How To Avoid Job Restarts

Known to work with version 7.4.0

By default, HTCondor manages jobs under the assumption that the user wants them to be run as many times as necessary in order to successfully finish. If all goes well, this means the job will only run once. However, various failures can require that the job be restarted in order to succeed. Examples of such failures include:

  • execute machine crashes while job is running
  • submit machine crashes while job is running and does not reconnect to job before the job lease expires
  • job is evicted by condor_vacate, PREEMPT, or is preempted by another job
  • output files from job fail to be transferred back to submit machine
  • input files fail to be transferred
  • network failures between execute and submit machine

In some cases, it is desired that jobs not be restarted. The user wants HTCondor to try to run the job once, and if this attempt fails for any reason, it should not make a second attempt. To achieve this, the following can be put in the job's submit file:

requirements = NumJobStarts == 0
periodic_remove = JobStatus == 1 && NumJobStarts > 0

Note that this does not guarantee that HTCondor will only start the job once. The NumJobStarts job attribute is updated shortly after the job starts running. Various types of failures can result in the job starting without this attribute being updated (e.g. network failure between submit and execute machine).

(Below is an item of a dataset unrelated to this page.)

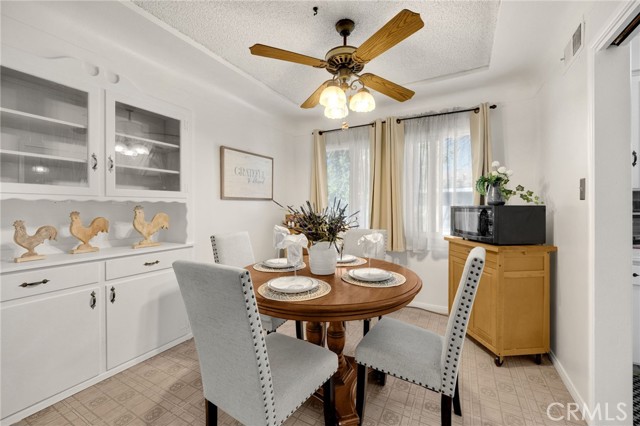 Detail Gallery Image 6 of 23 For 14518 Arlee Ave, Norwalk,  CA 90650 - 3 Beds | 2 Baths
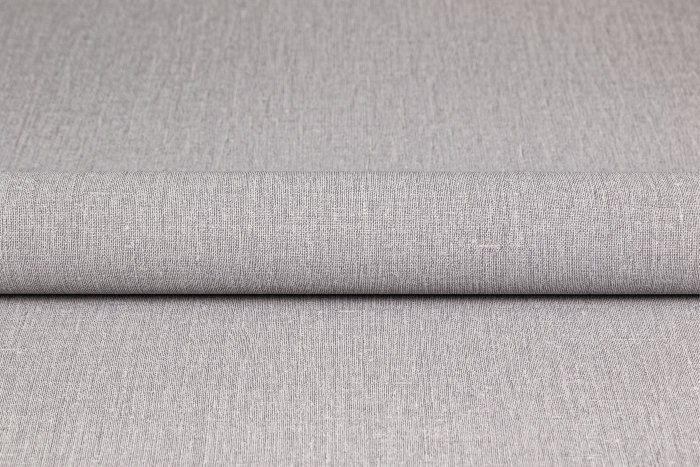 Обои виниловые на флизелиновой основе Легато база, сиреневый, KERAMA MARAZZI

By setting SHADOW_LAZY_QUEUE_UPDATE=false, the window of time between the job starting and the update of NumJobStarts can be decreased, but this still does not provide a guarantee that the job will never be started more than once. This policy is therefore to start the job at least once, and, with best effort but no strong guarantee, not more than once. As usual, HTCondor does provide a strong guarantee that the job is never running more than once at the same time.

Instead of NumJobStarts , you can flag off of several over attributes that are incremented when a job starts up:

  • NumShadowStarts - Incremented when the condor_shadow starts, but before the job has started. Guarantees that a job will run at most once, but it a problem occurs between the shadow starting and the job starting, the job will never run.
  • NumJobMatches -
  • JobRunCount -

Search terms: run once and only once, one, single